Detailed Parameter Guide

Common Parameters

Parameter Description Default Recommended Values
--reference Path to reference data Required -
--target Path to target data Required -
--output-dir Directory to save results Required -
--method Transformation method "affine" "rigid", "similarity", "affine", "projective"
--ref-x-col X coordinate column in reference "x" Any column name
--ref-y-col Y coordinate column in reference "y" Any column name
--target-x-col X coordinate column in target "x" Any column name
--target-y-col Y coordinate column in target "y" Any column name
--visualize Generate visualizations False -

Advanced Parameters

Parameter Description Default Notes
--use-features Use features for alignment False Enables feature-based alignment
--ref-feature-cols Feature columns in reference None Comma-separated column names
--target-feature-cols Feature columns in target None Comma-separated column names
--feature-weight Weight of features vs. spatial 0.5 0.0-1.0 (higher = more feature influence)
--max-points Maximum points to use 10000 Lower for faster processing
--ransac-threshold RANSAC inlier threshold 10.0 Lower for stricter matching
--ransac-iterations RANSAC iterations 1000 Higher for better robustness
--ransac-min-samples Min. samples for RANSAC Method-dependent 2 (rigid), 3 (affine), 4 (projective)
--scale-factor Scale factor for coordinates 1.0 Adjusts for different coordinate systems
--pre-align Use simple pre-alignment False Helps with very different starting positions

Quality Control Parameters

Parameter Description Default Notes
--validate Validate alignment quality False Enables quality assessment
--holdout-fraction Fraction of points to hold out 0.1 0.05-0.2 recommended
--min-confidence Minimum alignment confidence 0.5 0-1 range, higher = stricter
--distance-threshold Max allowed point distance 50.0 Units same as coordinates
--save-validation-plots Save validation plots False Requires matplotlib

Alignment API

For programmatic usage within Python scripts:

from smint.alignment import run_alignment, transform_coordinates

# Basic usage
alignment_result = run_alignment(
    source_data="path/to/target_data.csv",
    target_data="path/to/reference_data.csv",
    method="affine",
    config={
        "source_x_column": "x_position",
        "source_y_column": "y_position",
        "target_x_column": "x",
        "target_y_column": "y",
        "ransac_threshold": 10.0,
        "ransac_max_iterations": 1000
    }
)

# Access the transformation matrix
transform_matrix = alignment_result["transformation_matrix"]
quality_metrics = alignment_result["quality_metrics"]

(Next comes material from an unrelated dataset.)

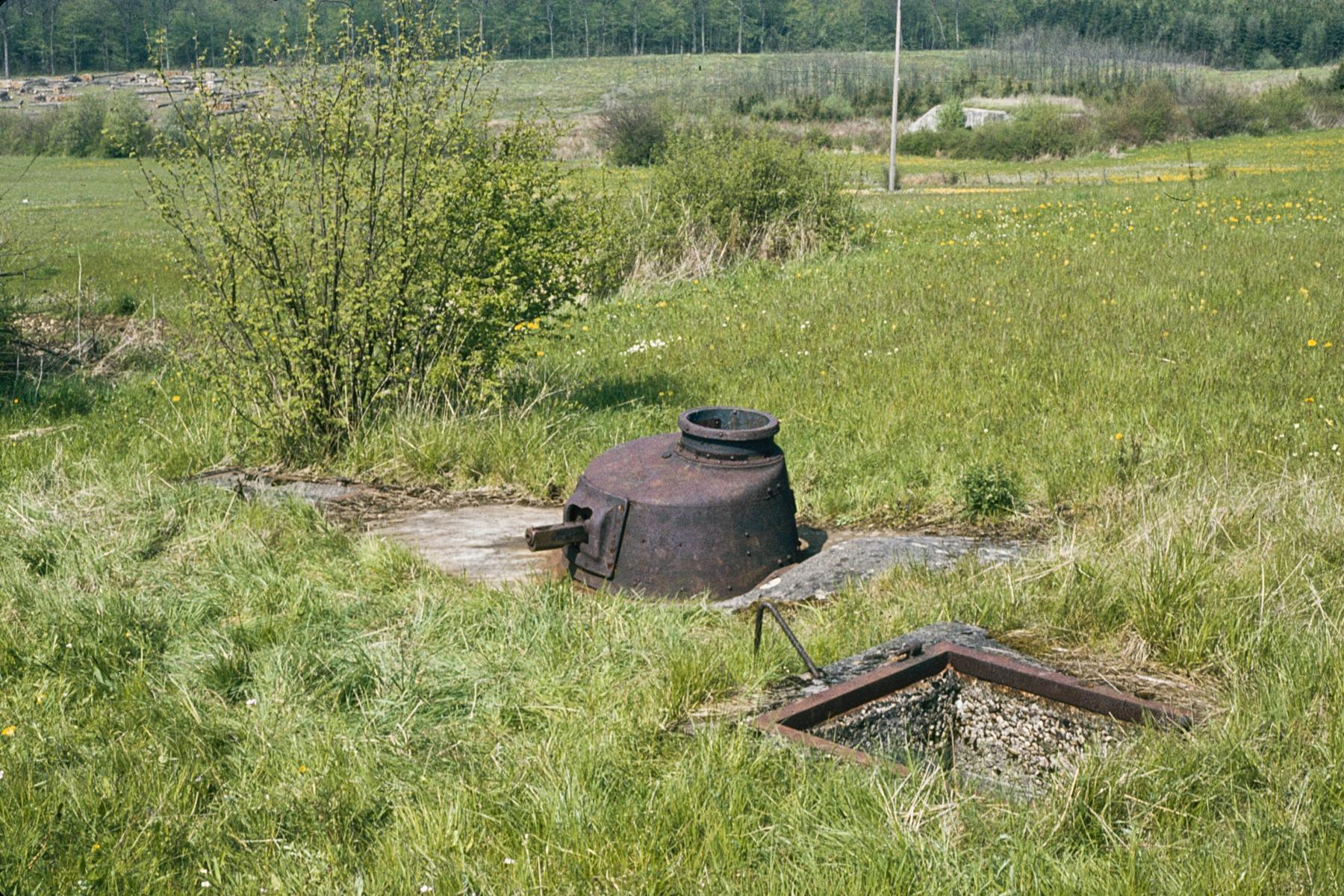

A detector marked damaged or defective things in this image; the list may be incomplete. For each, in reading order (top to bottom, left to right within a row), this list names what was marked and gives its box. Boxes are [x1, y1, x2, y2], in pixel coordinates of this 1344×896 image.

# Apply transformation to coordinates
import pandas as pd
data_to_transform = pd.read_csv("path/to/additional_data.csv")
transformed_coords = transform_coordinates(
    coordinates=data_to_transform[["x_position", "y_position"]].values,
    transformation_matrix=transform_matrix
)

# Save transformed coordinates
data_to_transform["x_transformed"] = transformed_coords[:, 0]
data_to_transform["y_transformed"] = transformed_coords[:, 1]
data_to_transform.to_csv("path/to/transformed_data.csv", index=False)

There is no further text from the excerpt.